Just like almost any other animal.

I'm telling you, todays society has pretty much screwed up the way people think of wolves. I mean, seriousy; your really going to believe in what "Little Red Riding Hood" or "The Three Little Pigs" say about wolves. Come on people!
That's pretty much basing your knowledge of wolves off of something written for four-year-olds.

And BTW: wolves and dogs are not the same. They are a different species. Please, for the sake of the wolf's dignity, do not group them together. I'll admit that the wolf is a wild animal and really shouldn't be kept as a pet. That's what dogs were bred for. Now, if you want to be a bit more on the wild side and get a hybrid, fine. I live near a breeder of them and they really are beautiful.

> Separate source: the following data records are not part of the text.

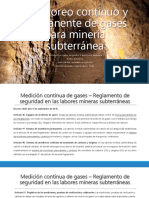 Monitoreo Continuo y Permanente de Gases para minería-NM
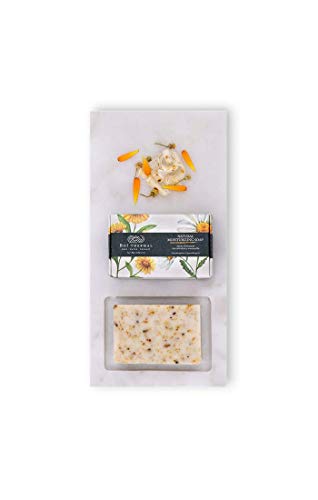 Boí Thermal Natural Moisturizing Soap. Jabón Hidratante Natural. Con Caléndula Y Manzanilla. Cosmética Natural Y Vegana. Apto Para Pieles Sensibles. Hipoalergénico. Pastilla 100 gr.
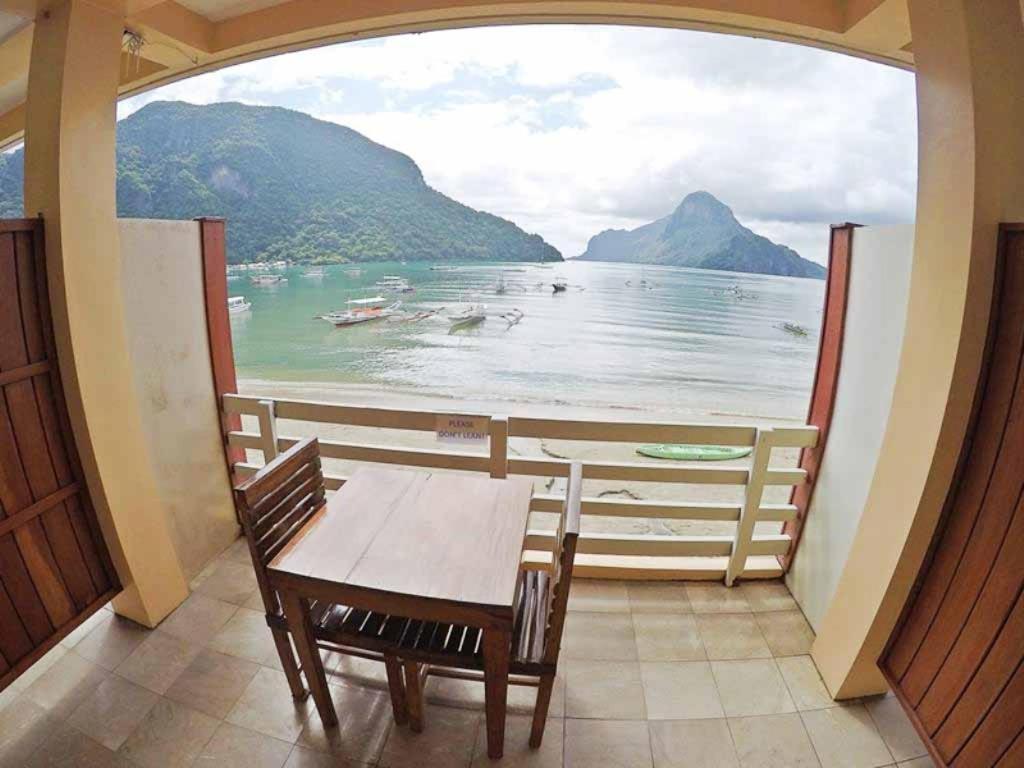EL NIDO BEACH HOTEL PROMO B: WITH AIRFARE VIA-PPS  ALL IN elnido Packages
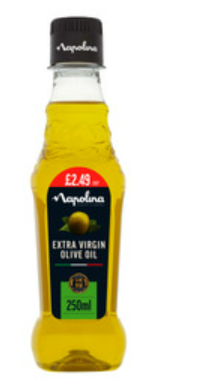 NAPOLINA EXTRA VIRGIN OLIVE OIL - 250ML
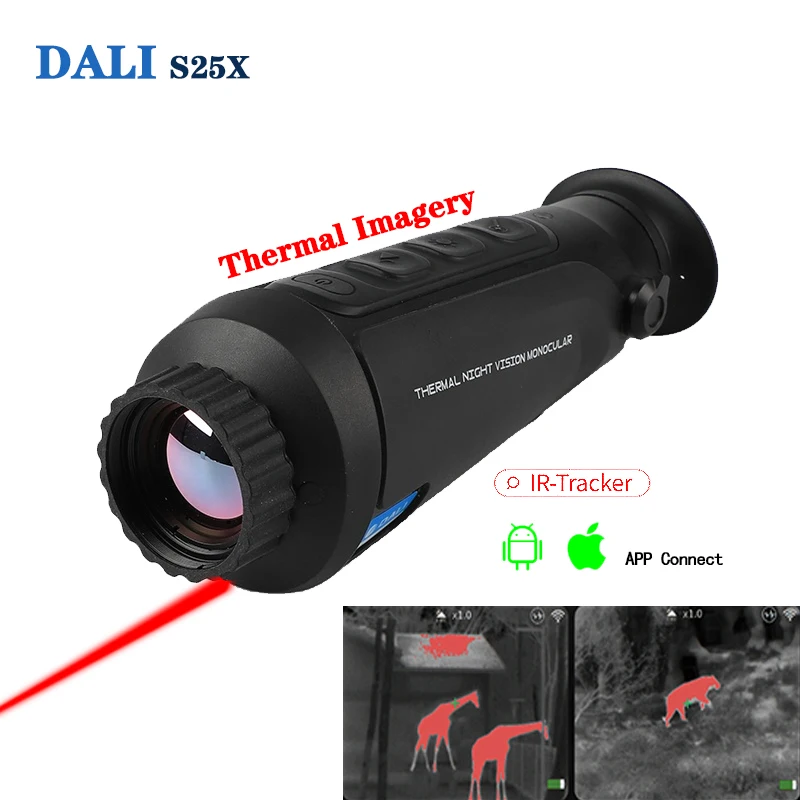 Тепловизор DALI S25X рандомное цифровое монокулярное портативное устройство для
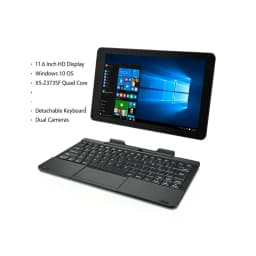 11.6 Inch 2GB RAM 64GB ROM RCA9213 WINDOWS 10 Tablet PC X5-Z3735F Quad Core Up to 1.44 GHz 1366 X 768 IPS Dual Camera WIFI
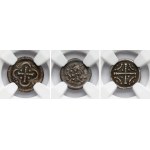 Węgry, Denary (1095-1161) - zestaw (3szt)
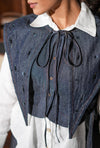 Denim bib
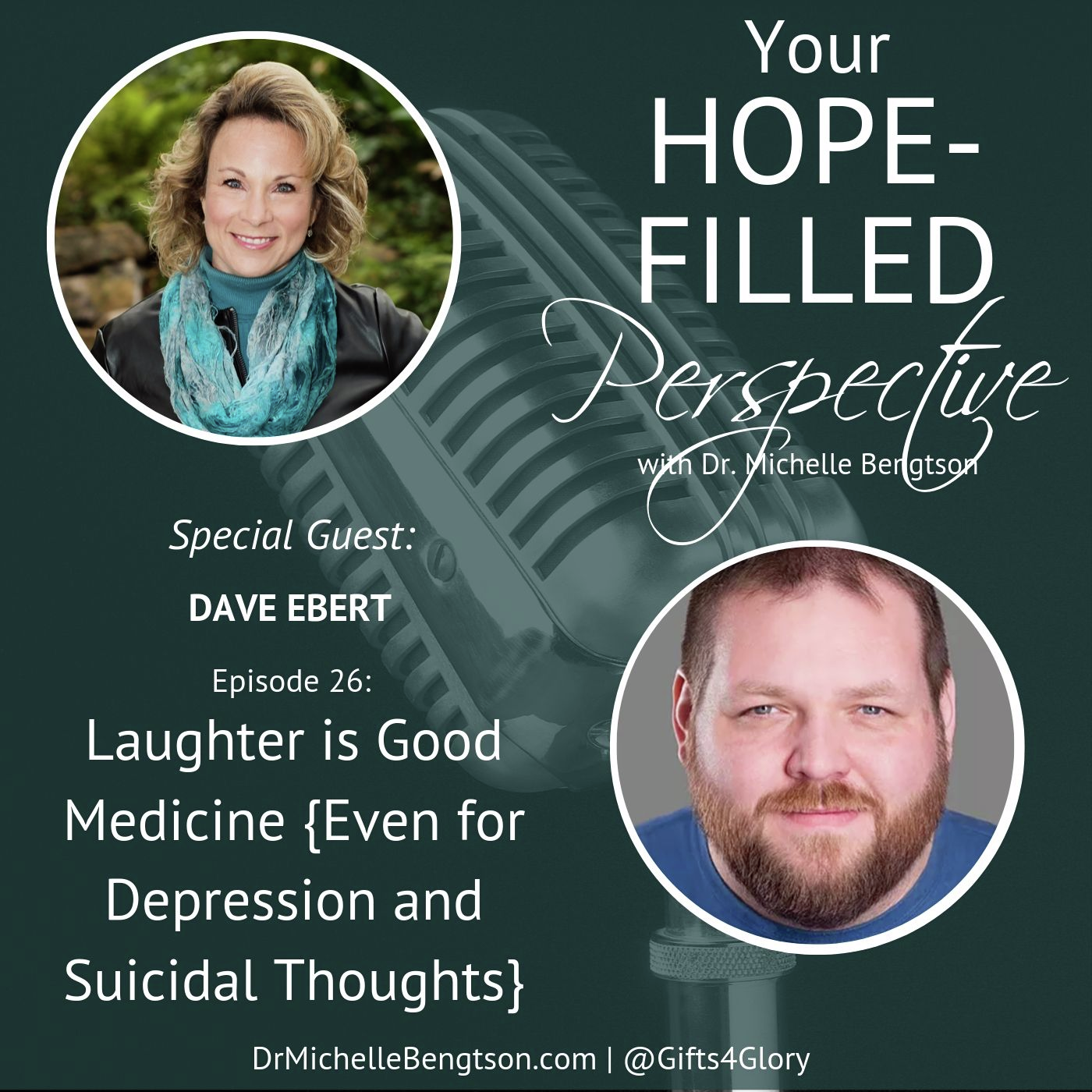 026 Laughter is Good Medicine {Even for Depression and Suicidal Thoughts}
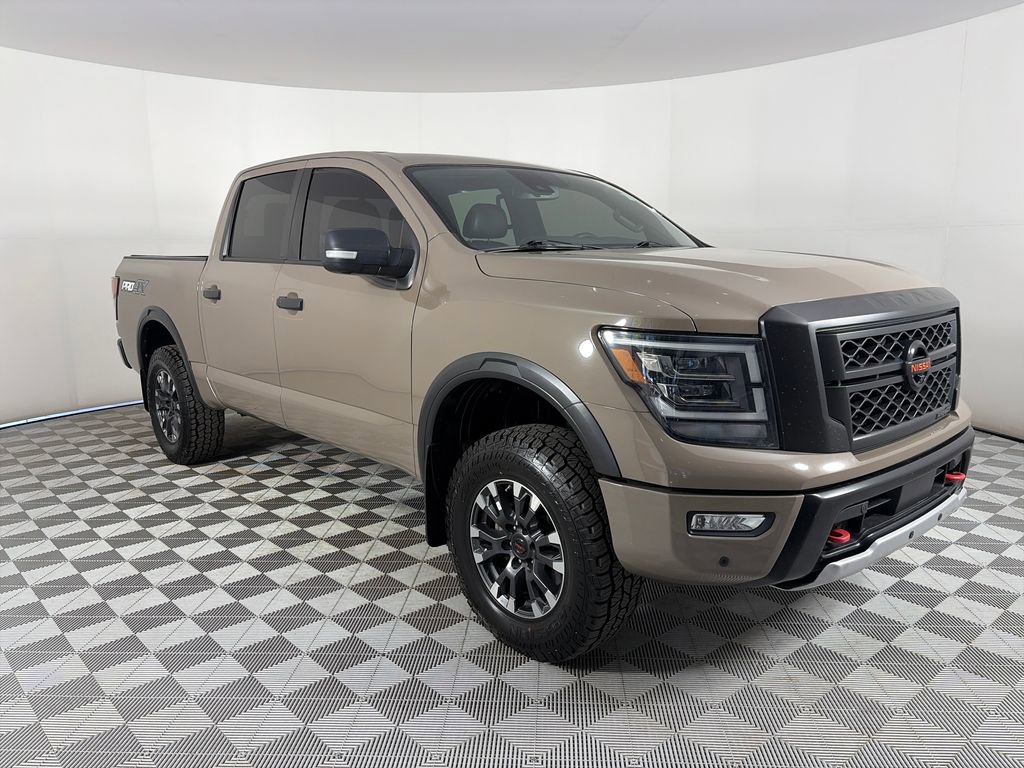 Used 2022 Nissan Titan PRO-4X w/ Pro-4x Convenience Package image 1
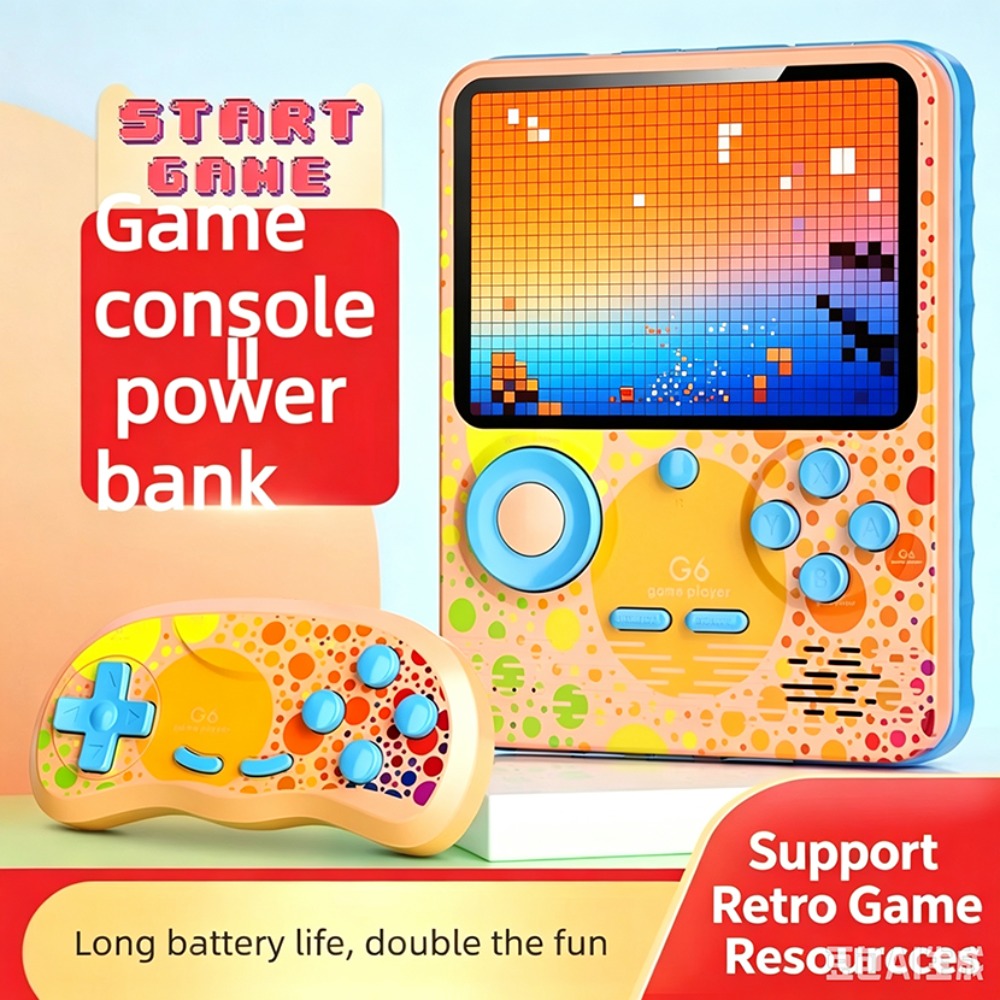 G7 Draagbare Retro Handheld Ga - Retro Gaming Cables recensie en prijs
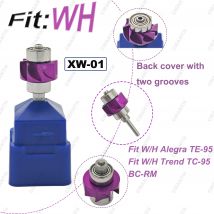 Fit WH Alegra TE-95 TE-98 TA-98 große PB Dental Turbine Patrone Handstück Luft Rotor High Speed Handstück Rotor Zahnmedizin Werkzeug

Just make sure that you get it legally and that you check out its background.

That's all I really need to say. Just, please, respect the wolf.

Scources: I've studied wolves for 9 years and have observed them up close.


heather177 said...

Wolves will not bite your face off. Wolves in wild are rarely known to attack and usually avoid humans unless starving or a threat to the pack. They are less likely then most animals to attack in the wild. Also how often do you read of a wolf in captivity that has attacked? I didnt find any. My neighbor had one as a pet and that is the smartest, most sweet and loving dog I have ever seen. She was the best. The way movies and books portray them is not how they are.

Anonymous said...

For god sake leave the poor animal be! You ms. Are obviously a rude shallow person who believes in fairy tales!